The Arab News ran a story provocatively entitled, "Washington
planning to nuke Iraq," based on an article in the Los Angeles Times.
Arab opinion leaders cannot figure out how President Bush could accuse
Iraq of being in "utter contempt for the opinion of the world" when he is
himself ignoring world opinion. They
ridiculed Bush's assertion that Iraq posed the "gravest danger facing America
and the world" because it "possess nuclear, chemical and biological
weaponsÉthat could be used for blackmail, terror and mass murder."
New York Times columnist Nicholas Kristoff mirrored Arab
skepticism when he asked whether an invasion of Iraq would make America safer.
Kristoff noted, "While none of us know the answer, there is clearly a
significant risk that it will do just the opposite."
After
meeting the French president Jacques Chirac in Paris, Saudi foreign minister
Prince Saud bin Faisal said that a US attack on Iraq would result in "a calamity
of immense proportions." Elsewhere,
the prince said, "Saudi Arabia will not join the conflict and will not [allow
its territory] to be used to attack Iraq."
Amr
Moussa, the secretary general of the Arab League, is reported to have met with
German foreign minister Joschka Fischer in Berlin, and said that a war with Iraq
would " fuel popular resentment and anti-American unrest."
A few months earlier, Moussa had warned that such a war would "open the
gates of hell."
Contrary
to how they are being portrayed in the US media, religious scholars in Saudi
Arabia have used the opportunity provided by the gathering of two million
pilgrims to remind Muslims everywhere that Islam means submission to the Will of
God.
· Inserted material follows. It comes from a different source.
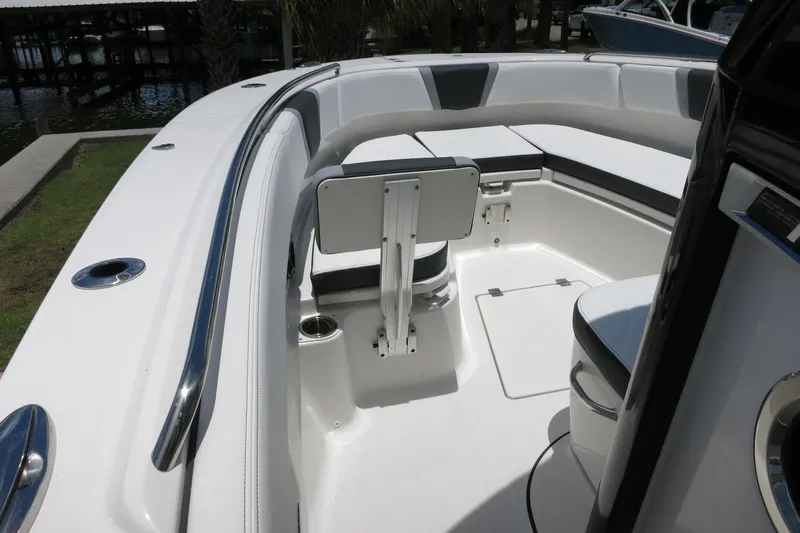 Slide: The Image of 2026 Robalo R270 Center Console boat interior with seating and storage compartments. - 58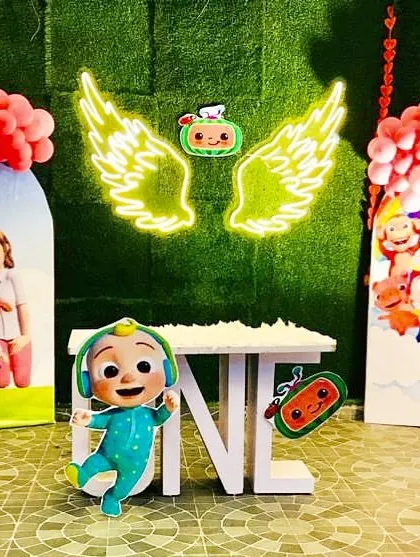 A Cocomelon-themed first birthday with a unique neon angel wings backdrop. The setup includes character cutouts and a "ONE" table.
This means obeying all His
injunctions, one of which holds that all human life is sacred.
The Imams of the two Holy Mosques cited Quranic verses and instances from
the life of the Prophet Muhammad to assert that Muslims should not harm any
non-Muslim civilians, even during times of war.
At
the World Economic Forum in Davos, Malaysian Prime Minister Mahathir
Mohamad admonished the US, "out-terrorizing the terrorists will not work."
He forecast a long period of war driven by hatred, revenge and greed,
unless the US changed its tactics. Witnessing
the rising tide of anti-Americanism across the globe, Eric Alterman wrote in the
American magazine, The Nation, "There is a pro-American world out there,
in Europe in particular but elsewhere as well.
It is just waiting for an America it can respect as well as admire."
On
the day of the State of the Union speech, forty American Noble Laureates called
on President Bush to stop his plans to fight a preventive war in Iraq, because
even a victory in such a war would "undermine, not protect, U.S. security and
standing in the world." One hopes
that the call has not come in too late. According
to the Financial Times, General Tommy Franks has already informed the
Kuwaitis that the US has made a decision to go ahead with the war.
Leadership
does not consist in issuing propaganda, otherwise it leads to hubris.
Faced with widespread opposition to his war plans, both inside and
outside the US, President Bush faces the biggest challenge to his presidency.
He needs to step back from the brink, and realize that real leadership
consists in listening to all voices, not just the ones that echo his voice.